Dartmouth College President Dr. Sian Leah Beilock issued a brief but pointed statement affirming the institution's commitment to academic independence, declaring she would "always defend our fierce independence" and making clear the institution would never compromise its academic freedom and ability to govern itself.
At the University of Pennsylvania, faculty and community members launched a petition urging the administration to reject the compact, characterizing the White House overture as "a threat, not an invitation." The Penn petition warns that compliance would subject the university to ongoing review by the Department of Justice, with insufficient obedience resulting in loss of access to student loans, grant programs, federal contracts, research funding, visa approvals, and tax exemption.
The Association of American Colleges & Universities (AAC&U) issued a lengthy statement condemning the compact as fundamentally incompatible with constructive engagement. AAC&U characterized the compact as "an ultimatum: sign and receive 'multiple positive benefits,' including 'substantial and meaningful federal grants,' or retain the freedom to 'develop models and values other than those' of the administration, and 'forgo federal funding.'"
The organization emphasized that college and university presidents "cannot bargain with the essential freedom of colleges and universities to determine, on academic grounds, whom to admit and what is taught, how, and by whom," adding they "cannot trade academic freedom for federal funding—and should not be asked to do so."
Critics have identified several particularly problematic provisions in the compact:
The Penn petition argues the compact "redefines sex and gender according to rigid binaries incompatible with both science and Penn's values" and that forcing university members to accept these definitions would violate academic freedom.
Faculty members also object to demands about admissions requirements, such as mandating standardized tests and limiting international student enrollment, which they say "directly flout the shared governance rights of faculty."
Perhaps most troubling to critics is the compact's call for a "vibrant marketplace of ideas on campus," which the Penn petition describes as "a thinly-veiled attempt to restrict academic freedom to those who express government-approved views" given recent government actions to suppress pro-Palestinian advocacy.

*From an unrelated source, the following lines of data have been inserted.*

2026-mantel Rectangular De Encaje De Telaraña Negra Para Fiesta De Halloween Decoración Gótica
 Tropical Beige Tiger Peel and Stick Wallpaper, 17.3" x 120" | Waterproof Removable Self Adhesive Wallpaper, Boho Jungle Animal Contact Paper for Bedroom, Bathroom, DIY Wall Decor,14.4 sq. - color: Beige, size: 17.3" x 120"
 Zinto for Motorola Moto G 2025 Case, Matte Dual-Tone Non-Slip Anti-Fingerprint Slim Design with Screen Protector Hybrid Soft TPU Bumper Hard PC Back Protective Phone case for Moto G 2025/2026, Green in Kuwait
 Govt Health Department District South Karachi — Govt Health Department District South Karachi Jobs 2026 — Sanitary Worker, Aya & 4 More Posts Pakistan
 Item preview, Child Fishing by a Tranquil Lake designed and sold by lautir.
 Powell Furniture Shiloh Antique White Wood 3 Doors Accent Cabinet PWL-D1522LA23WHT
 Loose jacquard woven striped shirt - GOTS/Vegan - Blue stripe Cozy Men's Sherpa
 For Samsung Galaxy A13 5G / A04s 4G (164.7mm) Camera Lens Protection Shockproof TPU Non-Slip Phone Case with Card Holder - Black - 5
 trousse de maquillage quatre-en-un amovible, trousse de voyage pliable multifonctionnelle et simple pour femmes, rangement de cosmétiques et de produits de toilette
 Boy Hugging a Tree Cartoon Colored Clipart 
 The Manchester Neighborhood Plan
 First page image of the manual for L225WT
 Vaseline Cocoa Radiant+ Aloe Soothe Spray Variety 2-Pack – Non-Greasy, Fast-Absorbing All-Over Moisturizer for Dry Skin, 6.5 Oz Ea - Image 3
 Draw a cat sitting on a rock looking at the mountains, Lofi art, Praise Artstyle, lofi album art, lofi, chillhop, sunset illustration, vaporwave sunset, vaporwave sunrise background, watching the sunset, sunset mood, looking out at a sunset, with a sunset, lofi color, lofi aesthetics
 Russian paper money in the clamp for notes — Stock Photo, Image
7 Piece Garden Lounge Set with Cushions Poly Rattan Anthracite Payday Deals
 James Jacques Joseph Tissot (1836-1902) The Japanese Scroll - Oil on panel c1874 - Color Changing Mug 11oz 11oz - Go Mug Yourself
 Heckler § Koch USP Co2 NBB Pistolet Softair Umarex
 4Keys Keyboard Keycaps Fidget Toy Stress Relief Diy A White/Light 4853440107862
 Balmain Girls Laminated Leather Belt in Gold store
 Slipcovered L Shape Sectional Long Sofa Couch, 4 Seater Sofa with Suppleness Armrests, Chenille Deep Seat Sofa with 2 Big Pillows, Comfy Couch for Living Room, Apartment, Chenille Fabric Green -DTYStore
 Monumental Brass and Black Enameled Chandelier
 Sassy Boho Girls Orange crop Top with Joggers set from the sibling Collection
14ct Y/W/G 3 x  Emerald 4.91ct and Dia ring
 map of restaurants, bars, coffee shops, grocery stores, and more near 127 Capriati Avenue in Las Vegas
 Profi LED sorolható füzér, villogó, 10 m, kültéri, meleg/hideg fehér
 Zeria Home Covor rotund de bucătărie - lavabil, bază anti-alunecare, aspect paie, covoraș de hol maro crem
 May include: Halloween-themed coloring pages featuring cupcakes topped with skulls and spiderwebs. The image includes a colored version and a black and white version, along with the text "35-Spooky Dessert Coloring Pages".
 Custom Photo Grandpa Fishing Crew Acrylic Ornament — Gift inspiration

The Penn petition draws on recent experience to warn that "a concession to threats will simply embolden the Trump administration to come back for more," noting that Penn had previously been the first institution to make a closed-door deal with the administration.
Rather than capitulate, the petition suggests universities could "temporarily raise the rate of spending on its endowment, as it has done before in times of crisis, while collaborating with other institutions to sue for the restoration of unconstitutionally withheld funds."
AAC&U framed the stakes in sweeping terms, noting that "the American system of higher education is the envy of the world, renowned for its cutting-edge research, culture of innovation, and commitment to academic freedom," and warning that the compact would make institutions "subject not to the law and the principles that have served us so well for centuries, but to the changing priorities of successive administrations."
American Council on Education (ACE) President Dr. Ted Mitchell has emerged as one of the most vocal critics of the compact, calling it "yet another instance of the administration weaponizing federal funding to achieve its ideological and political aims."
In an interview with The New York Times, Mitchell described the document as "a naked exercise of power, lacking internal coherence." He warned that if institutions agreed to the compact, it would set "a horrible precedent to cede power to the federal government."
As the October 20 feedback deadline approaches, it appears increasingly unlikely that any of the nine invited institutions will sign the compact. The question now is whether the administration will follow through on hints that it plans to extend the compact to all institutions of higher education—and how the sector will respond if it does.